Serendipitous distractions

So the CUP Book Sale is over for another twelve months — and with changed rules after last year’s unseemly scrums, this year’s Sale was a very much more enjoyable and civilised affair. After a few pretty abstemious visits, I still came away with a dozen books in all, including to my suprise a couple that were on my wish-list from CUP books published in 2016 — George Herbert: 100 Poems (a beautiful book in form and content!) and Bart Jacobs’ Introduction to Coalgebra (for its promise of categorial interest).

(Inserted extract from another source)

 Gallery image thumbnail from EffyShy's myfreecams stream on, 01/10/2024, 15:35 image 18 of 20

Books are put on the sale shelves in a completely random order. So half the pleasure is making serendiptous finds of titles that I could not usually justify buying (even with my press author’s discount and my level of self-indulgence). At £3 for a paperback — only a few pennies more than the Saturday newspaper — how could I resist e.g. a little music handbook on The Goldberg Variations?  And I’ve been inspired by the excellent recent BBC film To Walk Invisible to start doing some re-reading of the Brontës; so The Cambridge Companion to The Brontës looks fascinating.

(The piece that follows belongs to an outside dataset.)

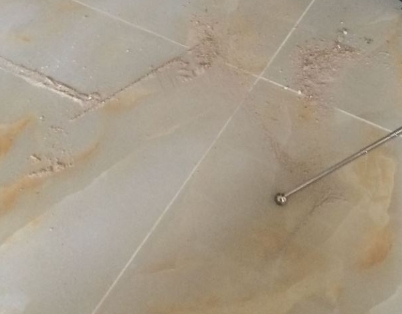 钢城瓷砖空鼓维修公司分享粘合剂选择不当在瓷砖铺贴过程中可能导致以下问题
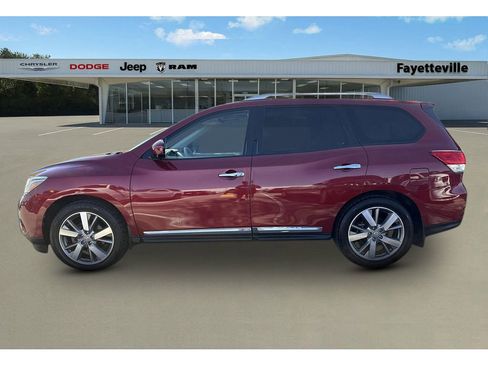 Used 2015 Nissan Pathfinder Platinum w/ Family Entertainment Package image 6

However, the book which I sat down with, a glass or two in hand, and devoured in a sitting later the very day I got it was G. H. Hardy’s A Mathematician’s Apology (with a long introduction by C. P. Snow)I’m not sure that I’ve read this cover-to-cover since I was a schoolboy, and if I ever had a copy it has long since gone astray. It is a strange book in some ways, and a sad one too. But this resonated for me: “When the world is mad, a mathematician may find in mathematics an incomparable anodyne.”  Perhaps not incomparable: there’s always Bach. But losing myself thinking through elegant mathematics, trying to get something really clear in my own mind, and perhaps trying to explain it as best I can to others, certainly works for me. Hardy also wrote, astringently, that “Exposition, criticism, appreciation, is work for second-rate minds.” Perhaps so: but it can keep us second-rate minds happily distracted just for a while from the world’s current madness!